### Exercise instructions
Copy out exactly, from the entries that follow, the line holding "I Heart Astronomy Black T-Shirt", the line holding "Stunning views of", and all lines between them, but no pictures.

### Material for this task

[Start of Attachment]

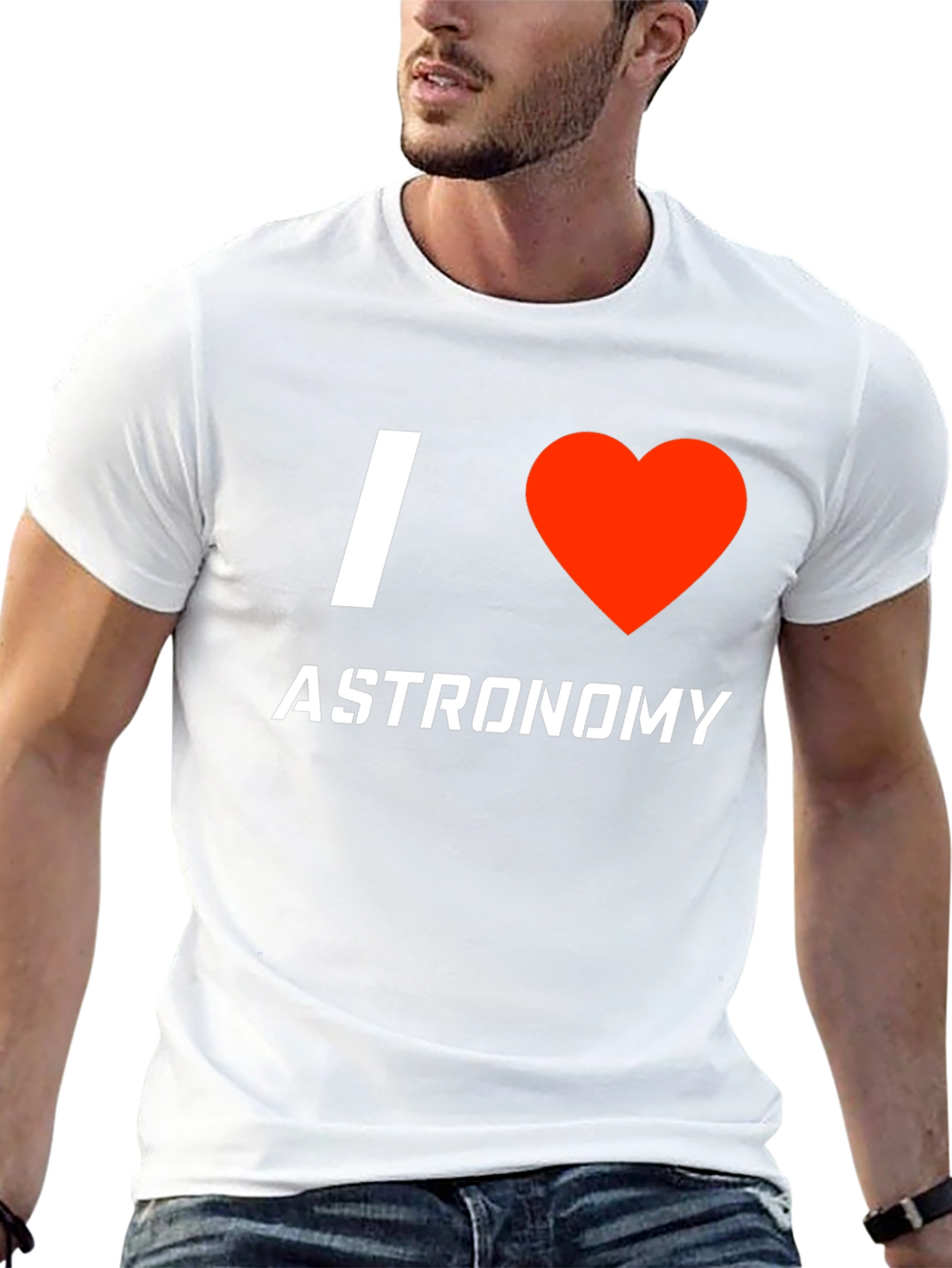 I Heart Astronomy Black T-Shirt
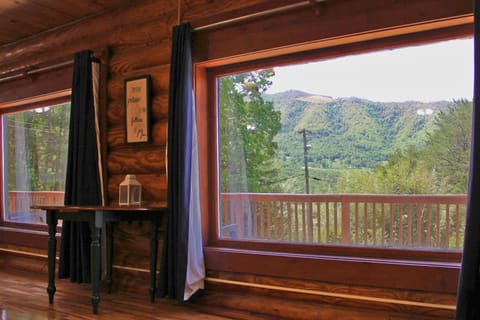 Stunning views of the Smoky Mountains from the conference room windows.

[End of Attachment]
[Start of Attachment]

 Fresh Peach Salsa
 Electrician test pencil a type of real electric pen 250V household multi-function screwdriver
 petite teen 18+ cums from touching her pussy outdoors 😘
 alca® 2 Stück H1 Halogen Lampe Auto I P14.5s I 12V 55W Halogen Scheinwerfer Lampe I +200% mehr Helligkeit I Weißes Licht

[End of Attachment]

### Task response
 I Heart Astronomy Black T-Shirt
 Stunning views of the Smoky Mountains from the conference room windows.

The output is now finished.